As with his previous – and critical – document Evangelii Gaudium (November 24 2013), Pope Francis raises his voice in defense of the poor and casts a light on inequalities, talking about debt, for example, as a form of political control in our global financial system.
But Francis is also going to raise some eyebrows on the political left in the US.
On the hot-button “life issues,” Francis repeats that no ecological argument is possible if embryos are not considered nature to be protected. Abortion, he writes, is incompatible with an ecological conscience.
As to gender issues, Francis says that human ecology entails respecting the gender God gave us without manipulating it, and that means acknowledging and respecting sexual differences. Sexual differences between genders do exist, the pope says, and human ecology means respecting these differences between men and women.
Politics as a tool
Finally, this encyclical is deeply political because it explicitly advocates that people turn to the political process when it comes to important decisions about the future of the planet.
Francis sees politics as a necessary defense against the unlimited appetites of economic interests.

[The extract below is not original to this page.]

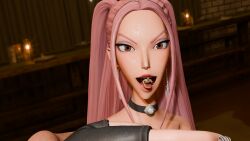 big_dom_small_sub breasts camera camera_view entrapment femdom giantess grabbing kpop_demon_hunters male/female marqualis mira_(kpop_demon_hunters) pink_hair pov questionable_consent reaching_towards_viewer small_sub_big_dom sweat vore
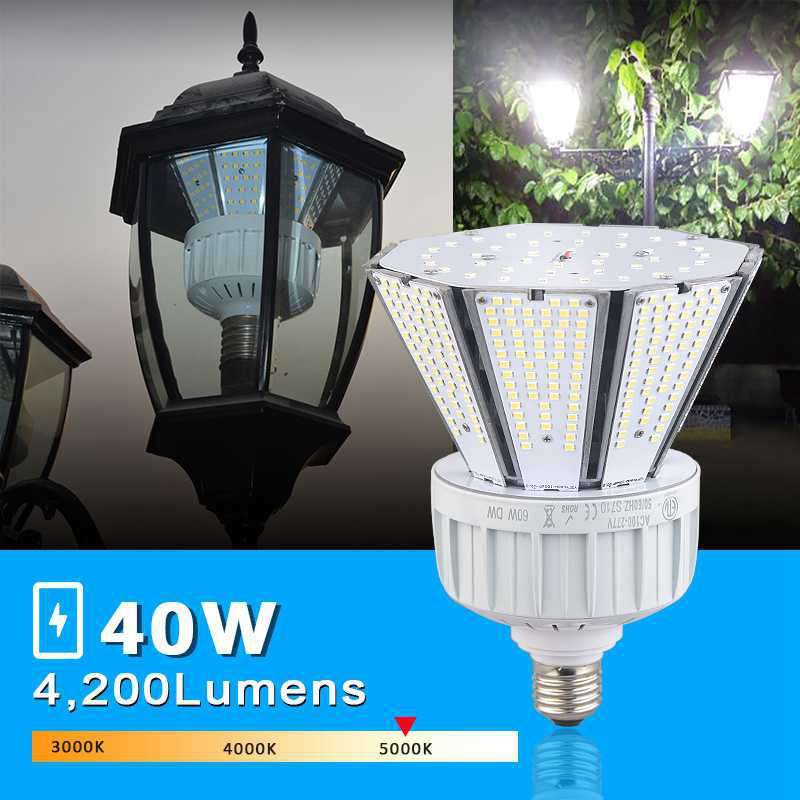 Corn Light Fixture 40W 5,200lm 5000K with AC100-277VAC for Roadway ...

Christian faith is about a “liberation” that comes from Jesus Christ and not from a political message. It is the political process that is essential to protect the poor and the environment.
Francis’ church is a politically non-neutral church, just as technology is not neutral. Technological tools are not neutral, and they do not help bridge inequalities, but, Francis says, they do serve powerful economic interests. Francis’ church stands with the poor.
At the end of the letter, with regard to how to change things, the pope is exhorting people to challenge corrupt and inefficient governments. States and governments are crucial to limit the power over the powerless.
In the final section of the encyclical, Francis repeats the ideal of global governance – an old Catholic dream born of medieval Europe, but recently updated by John XXIII and Benedict XVI in a new fashion. This is part of Catholic globalism. But Catholicism is also local, and American Catholicism will be a particularly interesting test for this encyclical.
In the presidential election of 1928, Al Smith, the Catholic candidate for the Democratic Party, was crushed by his opponent because of his Catholicism. Today, we do not know what kind of use the Republican Catholic candidates for president will make of the encyclical during the presidential campaign.
We can be sure of one thing, however, after the publication of Francis’ Laudato Si’: none of them will ask, as the ill-fated Al Smith did in 1928, “What the hell is an encyclical?”